Certificate Ceremony 1960
from School Records & local press
THE Headmaster of Aberdare Boys’ Grammar School (Mr. Jesse Warren) states in his annual report for the academic year 1958-59 that he is glad to be able to report that most of the boys are making the most of the opportunities given them in a Grammar School.
The present generation of boys, he said, were worthily maintaining the Aberdare Grammar School’s proud reputation.
The boys could not have attained their academic and other achievements without a vast expenditure of time, energy, and a high degree of co-operation by tile staff.
Here he commented that he had referred year by year to the work of the staff, to their quality and to their working together as a family.
Then he paid this tribute to the teaching staff:
“I think it is fair to make a point which is sometimes overlooked, that for these men the task to which they have set their hand is something more than a nine-to-four job. It is something to which they have dedicated themselves, and to which they give time and energy far in excess of anything for which they are paid in £ s. d.

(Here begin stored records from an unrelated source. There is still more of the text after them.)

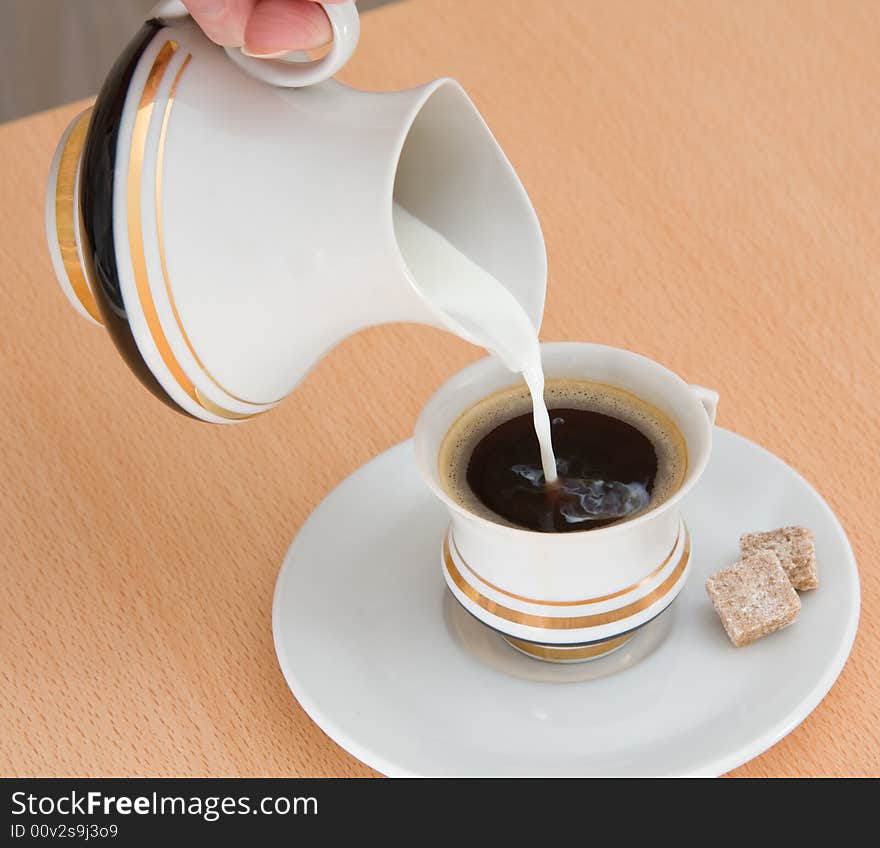 Pouring milk into coffee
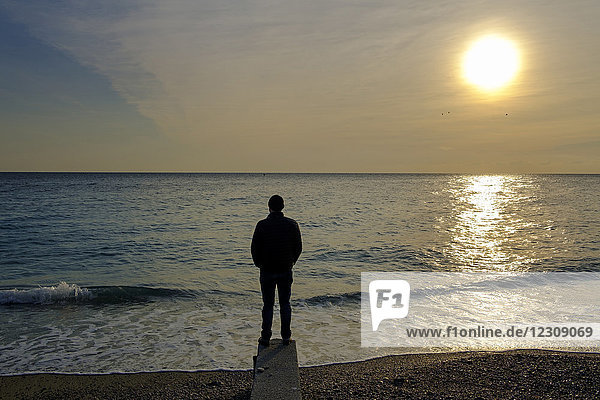 Italy  Liguria  Riviera di Ponente  Noli  man standing at beach at sunrise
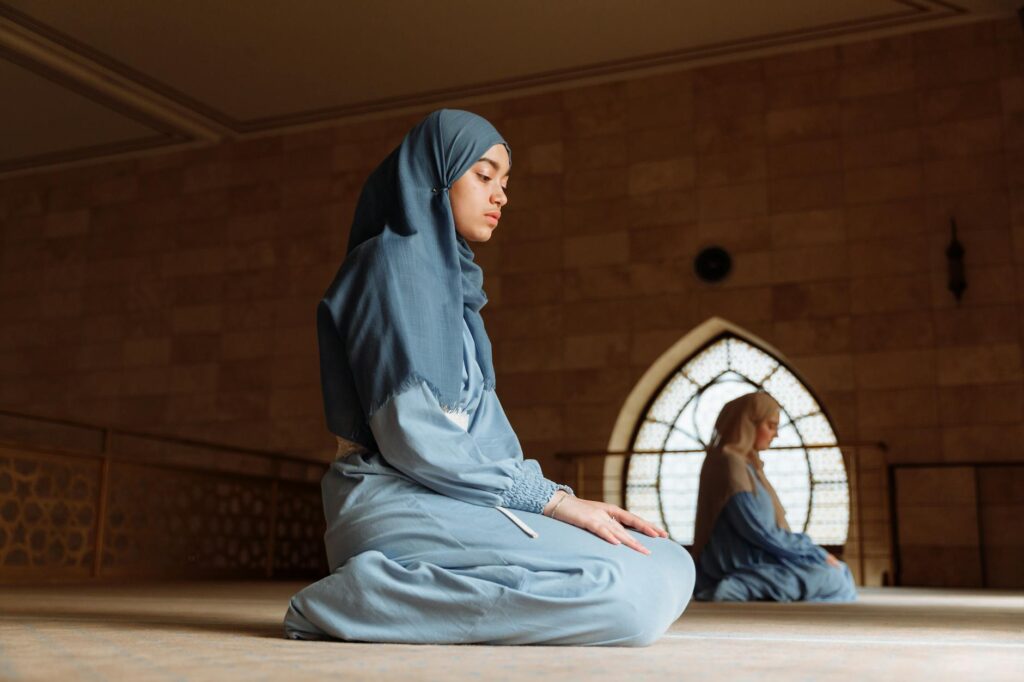 a woman in blue hijab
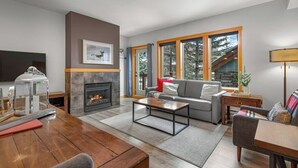Ein Wohnzimmer mit Kamin, einer Couch, einem Couchtisch und einem Fernseher.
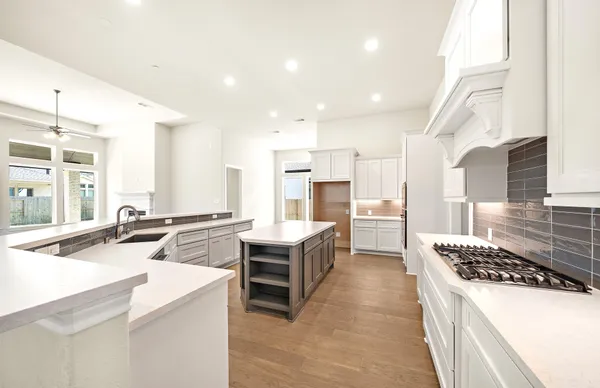a kitchen that has a sink and a stove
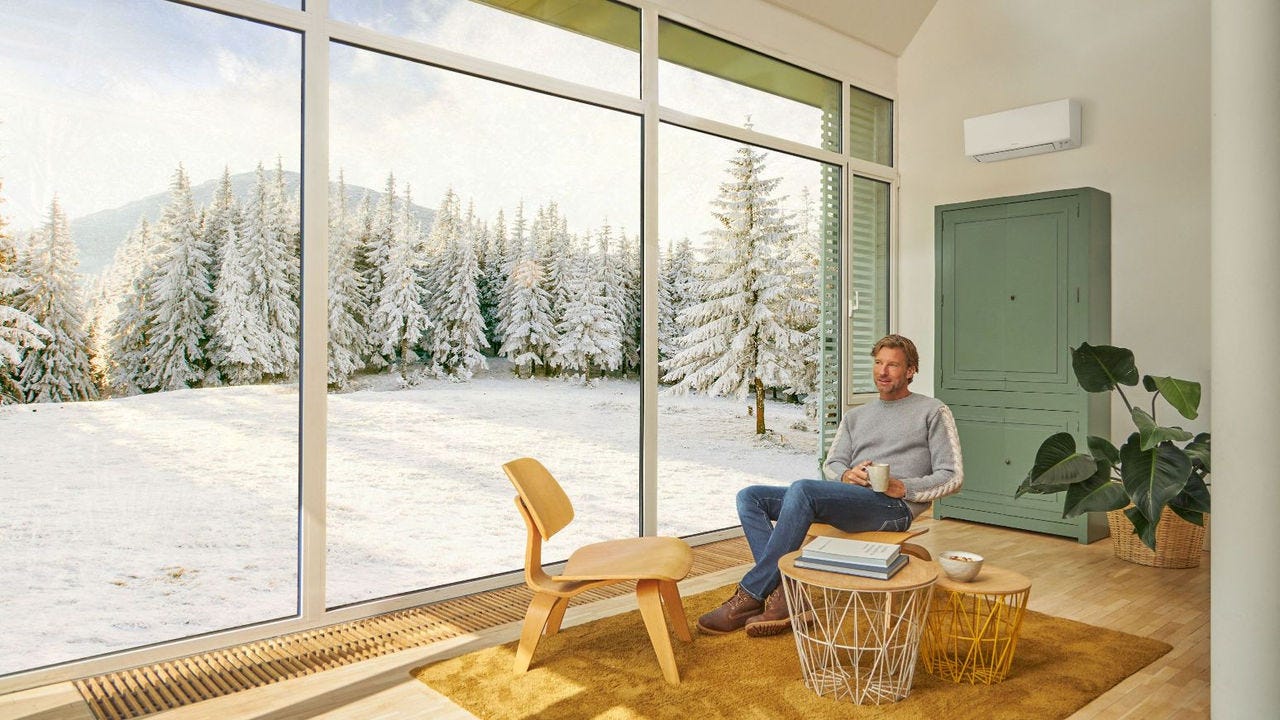 Muškarac sjedi na sofi i uživa u grijanju uz klima-uređaj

“They have set before themselves the task of helping the boys of this area to develop all the qualities they possess, and also to make themselves into decent and helpful members of the community.”
“These are men whom the boys trust to give them advice and help unstintingly outside as well as inside the classroom, outside as e1l as inside the hours of the school time-table, and what is true of the teaching staff is equally true of the non-teaching staff.”
It was fair to add that the standard of attainment of most of the candidates at the Advanced Level was “extremely high,” distinctions being obtained in French, Mathematics, Chemistry and Geology, and grades of “very good” in practically all the subjects for which the candidates were entered.
Two boys gained open scholarships to universities. David A. Dadley, Cwmaman, was, awarded the G. H. Latham Open Scholarship in Science at the University College, Cardiff, for work in physics and chemistry, and Brynmor Keith Lewis, Foundry Town, gained an open scholarship at Swansea University College, in geography and geology. Both these boys were ultimately awarded State Scholarships on their Advanced Level results.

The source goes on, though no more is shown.